Donald Trump’s presidential campaign has a lot of problems. Near the top of the list is this: Suburban voters want nothing to do with him, especially in three states where he needs to compete.
The latest indicator was this week’s Washington Post survey, which showed Hillary Clinton up by 14 percentage points in Virginia among registered voters and eight with likely voters. The driving force: she enjoys a 45-point advantage in the voter-rich Washington suburbs, almost double the margin rolled up there four years ago by President Barack Obama.
This follows similar findings in Philadelphia’s suburbs, where Clinton’s big lead threatens to put Pennsylvania out of Trump’s reach.
A Marist College poll out this week shows the Democratic nominee with a 14-point lead in Colorado. Lee Miringoff, director of the poll, says looking at the statewide response, “You can extrapolate that she has almost a 3-to-1 lead in the Denver suburbs.” This is a bigger advantage than Obama held while carrying the state in 2008 and 2012.
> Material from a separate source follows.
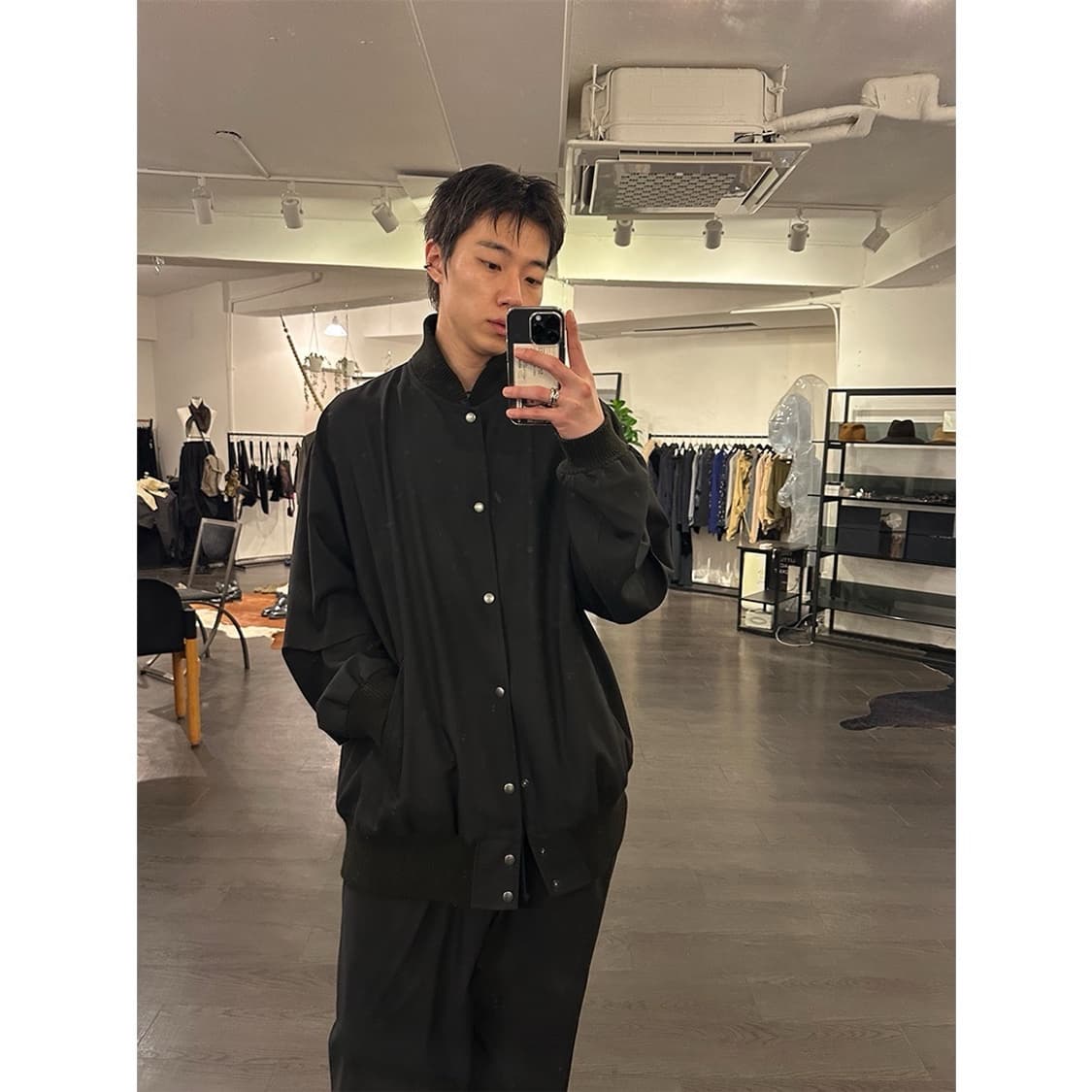 요지야마모토 오버사이즈 봄버 자켓 상품이미지4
These three states have been considered crucial for Trump — among the half-dozen or so states he has to switch from the Democratic column to win. The growing suburbs in these states seem to be making that impossible. If he loses Colorado, Pennsylvania and Virginia, a pathway to victory is hard to see.
Trump is especially unpopular in these venues, which include a lot of college-educated residents, rising diversity and voters who are more tolerant on social issues. But this only is accelerating a political trend in suburbs outside the deep South, which have been trending Democratic for almost a quarter-century. As recently as 1988, they were Republican bastions.
A few things changed. The growing numbers of minority-group suburbanites are mainly Democrats. White suburbanites aren’t drawn to the Republican party’s campaign to connect with religious and cultural conservatives.
“The Republicans’ positioning resonates with rural voters and some working class areas but turned off many suburban voters,” notes Seth McKee, a political scientist at Texas Tech University who has researched partisan and demographic changes in American politics. “It’s hard now for suburbanites to identify with the Republican brand.”
Another factor, he notes, is the nature of migration. New residents coming into Texas suburbs, for example, are mainly from conservative areas so the politics of those places haven’t changed. But many new migrants coming into the suburbs of cities in Virginia and even North Carolina, he says, are coming from more progressive places and are changing the politics.
Virginia is a classic case. From 1952 until 2008 it voted Republican in every presidential election except 1964, when Lyndon Johnson thumped Barry Goldwater in an historic landslide.
Obama’s victories in Virginia in the two most recent elections were fueled by his winning margins in the Washington suburbs and exurbs. In 1988, when Republicans easily won the state, George H.W. Bush carried the large Washington suburb of Fairfax County with 61 percent of the vote. In 2012, when there were 200,000 more votes in Fairfax, Obama won it with 59 percent. The two most significant exurbs, Loudon and Prince William counties, cast a little over 90,000 votes in the 1988 election with Bush winning two-thirds. Four years ago they contributed over 340,000 votes with Obama taking almost 55 percent.
If current trends hold, Clinton will exceed these winning margins.
Albert Hunt is a Bloomberg columnist.